The change in displacement of the ten axle sensor chips acquired from t moment to t+ time Δt,
Δ x=x (t+ Δ t)-x (t)
Wherein, Δ x is displacement, indicates any point from t moment to the displacement of t+ time Δt;
Assuming that be formed by the variation of line segment between each observation point is indicated with normal strain, the variation of each line segment angle is answered with cutting
Becoming indicates, investigates any one mini line segment in structural body, then opposite change of its normal strain, that is, length is,
Wherein, ε is normal strain, i.e. the opposite variation of length, and l is the initial length of certain line segment, and l ' is the line segment after deformation
Length;
Its shearing strain, that is, direction relative changes is,
γ=α-α '
Wherein, γ is shearing strain, is used to indicate that the amount of angle change, and α and α ' respectively indicate the intracorporal any line of structure
Section before being deformed after angle.
Between ten axle sensor chips data interaction can be carried out by LoRa wireless sensor network;
Ten axle sensor chips and management monitoring cloud platform, the monitor database server and remote monitoring center, institute
Stating remote monitoring center can be connect with mobile client by GPRS or wireless 3G/4G network or Beidou communication mode respectively.
Wherein ten axle sensors are composed of 3 three-axis gyroscopes and 1 pressure sensor, can be measurement height above sea level
And air pressure provides precision data, includes the components such as acceleration transducer, gyroscope, electronic compass, GPS receiver, except through
Outside the precision of device itself, correction after also relating to assemble welding, and the mating algorithm for different application.By a variety of
The fusion of data can correct orientation well, to realize high-precision motion detection.

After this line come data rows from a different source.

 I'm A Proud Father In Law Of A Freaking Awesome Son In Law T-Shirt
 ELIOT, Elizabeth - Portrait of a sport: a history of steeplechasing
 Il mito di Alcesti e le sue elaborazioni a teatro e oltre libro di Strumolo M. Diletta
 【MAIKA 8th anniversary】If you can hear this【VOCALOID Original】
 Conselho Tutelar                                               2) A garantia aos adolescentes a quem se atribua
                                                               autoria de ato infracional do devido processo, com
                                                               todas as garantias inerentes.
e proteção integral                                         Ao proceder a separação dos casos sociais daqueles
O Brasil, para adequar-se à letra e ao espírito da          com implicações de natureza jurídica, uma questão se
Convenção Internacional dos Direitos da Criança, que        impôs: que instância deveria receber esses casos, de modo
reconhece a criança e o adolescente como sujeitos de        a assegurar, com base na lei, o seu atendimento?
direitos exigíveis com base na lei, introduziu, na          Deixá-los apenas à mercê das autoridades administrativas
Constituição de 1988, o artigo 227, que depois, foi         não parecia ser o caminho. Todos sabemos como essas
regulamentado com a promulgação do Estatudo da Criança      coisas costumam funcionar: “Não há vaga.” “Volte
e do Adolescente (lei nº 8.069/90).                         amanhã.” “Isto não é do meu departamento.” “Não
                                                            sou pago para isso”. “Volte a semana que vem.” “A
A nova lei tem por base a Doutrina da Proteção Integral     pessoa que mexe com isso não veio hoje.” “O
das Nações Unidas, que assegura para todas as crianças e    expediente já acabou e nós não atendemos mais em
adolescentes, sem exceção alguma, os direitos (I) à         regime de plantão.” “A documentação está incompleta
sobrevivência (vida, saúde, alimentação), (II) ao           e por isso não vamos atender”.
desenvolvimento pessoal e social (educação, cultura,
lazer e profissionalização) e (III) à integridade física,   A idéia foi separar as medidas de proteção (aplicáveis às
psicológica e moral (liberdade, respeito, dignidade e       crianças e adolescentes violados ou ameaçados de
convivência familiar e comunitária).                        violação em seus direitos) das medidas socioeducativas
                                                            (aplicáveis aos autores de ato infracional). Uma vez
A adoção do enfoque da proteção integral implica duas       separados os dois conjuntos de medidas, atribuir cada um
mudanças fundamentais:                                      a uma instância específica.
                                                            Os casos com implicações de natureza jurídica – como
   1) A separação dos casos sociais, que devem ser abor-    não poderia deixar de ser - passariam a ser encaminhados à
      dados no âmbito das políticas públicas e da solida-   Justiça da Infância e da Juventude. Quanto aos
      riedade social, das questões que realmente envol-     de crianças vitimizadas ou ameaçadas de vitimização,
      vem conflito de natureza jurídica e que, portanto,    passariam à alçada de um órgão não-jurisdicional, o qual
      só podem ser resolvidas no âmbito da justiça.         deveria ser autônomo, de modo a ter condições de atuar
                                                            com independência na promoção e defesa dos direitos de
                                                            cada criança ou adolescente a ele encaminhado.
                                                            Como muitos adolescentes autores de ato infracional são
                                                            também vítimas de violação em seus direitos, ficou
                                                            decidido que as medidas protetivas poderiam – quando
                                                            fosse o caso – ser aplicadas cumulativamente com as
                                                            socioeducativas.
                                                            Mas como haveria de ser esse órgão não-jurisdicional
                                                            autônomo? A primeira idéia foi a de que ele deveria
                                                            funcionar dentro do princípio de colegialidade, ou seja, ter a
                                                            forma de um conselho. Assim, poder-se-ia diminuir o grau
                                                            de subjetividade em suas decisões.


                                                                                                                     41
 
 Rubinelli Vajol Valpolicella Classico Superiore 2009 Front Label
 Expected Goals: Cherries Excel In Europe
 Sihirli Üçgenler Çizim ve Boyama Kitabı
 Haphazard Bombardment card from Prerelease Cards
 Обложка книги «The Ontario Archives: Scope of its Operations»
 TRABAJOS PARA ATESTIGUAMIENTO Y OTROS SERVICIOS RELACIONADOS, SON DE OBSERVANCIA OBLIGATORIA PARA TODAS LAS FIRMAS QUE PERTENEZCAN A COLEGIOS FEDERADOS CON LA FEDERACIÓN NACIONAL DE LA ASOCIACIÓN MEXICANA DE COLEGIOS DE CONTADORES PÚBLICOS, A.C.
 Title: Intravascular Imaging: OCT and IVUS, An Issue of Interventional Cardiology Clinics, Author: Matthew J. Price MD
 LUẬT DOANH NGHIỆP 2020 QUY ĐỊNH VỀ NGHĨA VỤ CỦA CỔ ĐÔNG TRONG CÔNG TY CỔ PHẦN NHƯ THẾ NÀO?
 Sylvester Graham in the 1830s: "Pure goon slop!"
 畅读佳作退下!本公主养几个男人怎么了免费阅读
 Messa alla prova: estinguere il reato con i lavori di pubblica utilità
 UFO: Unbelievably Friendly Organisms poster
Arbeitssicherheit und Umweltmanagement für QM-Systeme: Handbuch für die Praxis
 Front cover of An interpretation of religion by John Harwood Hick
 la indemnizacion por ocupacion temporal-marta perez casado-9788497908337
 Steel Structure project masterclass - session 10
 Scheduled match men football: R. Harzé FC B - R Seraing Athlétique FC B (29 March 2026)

Grid displacement test system based on ten axle sensors passes through the chip of ten axle sensors in insertion TGXG
Part carries out real-time monitoring to elements such as orientation, height, temperature, transfers data to management and prison using communication modes such as GPRS
Early warning cloud platform is surveyed, provides instant messaging services to prevent and reduce natural disasters, the life of the effective guarantee geological disaster prone areas people
Life and property safety.System is made of collection in worksite layer, wireless transmission communication layers, 3 part of early warning publishing center.Acquisition layer uses
Integration monitoring station equipment be whole system framework basis, for acquiring the real time data of each measuring point;Transport layer is communication
Equipment uploads the monitoring data of each measuring point on the basis of the monitoring center and monitoring data with user collect platform foundation and contact
With device status information and issue the instruction of user terminal;Application layer is to be connect by monitoring center and monitoring with tidal data recovering platform
It receives various regions monitoring station equipment and acquires the data come up, and be sent to the user for obtaining authorization identifying by network, make its operation existing
Field monitoring station equipment.
This system can Quick Acquisition, transmission, calculating, analysis, each monitoring point of storage monitoring data, including orientation, height,
Temperature etc., and correction process is carried out to data, it reduces error rates of data, improve data integrity rate, thus real-time monitoring geology calamity
Each dimension data in the multiple area of evil provides foundation for science and technology decision.
This system supports the communication modes such as GPRS/3G/4G/ Beidou, sensor node, terminal node and central node it
Between can be also in communication with each other by LoRa wireless sensor network, integrate various wireless communication mode, effective guarantee data transmission.
24 hours whole days monitor each dimensional parameter of geology automatically, automatic to carry out data analytical judgment, when detected value is more than early warning value, from
Dynamic sound-light alarm, SMS alarm, realization is unattended day and night to guard regional safety, greatly reduces administrative staff's working strength, mentions
Rise the efficiency of management.The decision judgment mechanism of science realizes monitoring index exception automatic alarm.Alarm mode built in system, analysis
Inducement, gives warning in advance or engineering control designs, and provides comprehensive and accurate data supporting, makes whether to structure volume morphing normally
Preliminary judgement and grading forewarning system, issue warning information in time, give full play to the value of early warning system.
Remote monitoring center can monitor automatically each dimensional parameter of TGXG in 24 hours, further analyze data
Judgement, and the difference of the warning grade reached according to monitor value, take the automatic alarm mode of appropriate level;
Remote monitoring center sends corresponding warning information according to the difference of warning grade to the mobile client;
Mobile client can send geology to remote monitoring center and monitor relevant information.
It needs to carry out user authentication when carrying out register with mobile client by the remote monitoring center or CA recognizes
Card;
Realize that the overall process of data processing is traceable, it is ensured that upload, modification and the deletion of each data can correspond to
Each remote monitoring center and mobile client.
Traditional geo-hazard early-warning includes geological hazard survey and evaluation (or survey Evaluation), observation (monitoring) system Construction
With operation, disaster trend analysis consultation, warning information propagate and appropriateness preparation react or 5 steps such as Preventing Countermeasures,
Accordingly include prediction (1~10a or more), forecast (January~1a), face many levels such as report (a few days) and alarm (a few hours)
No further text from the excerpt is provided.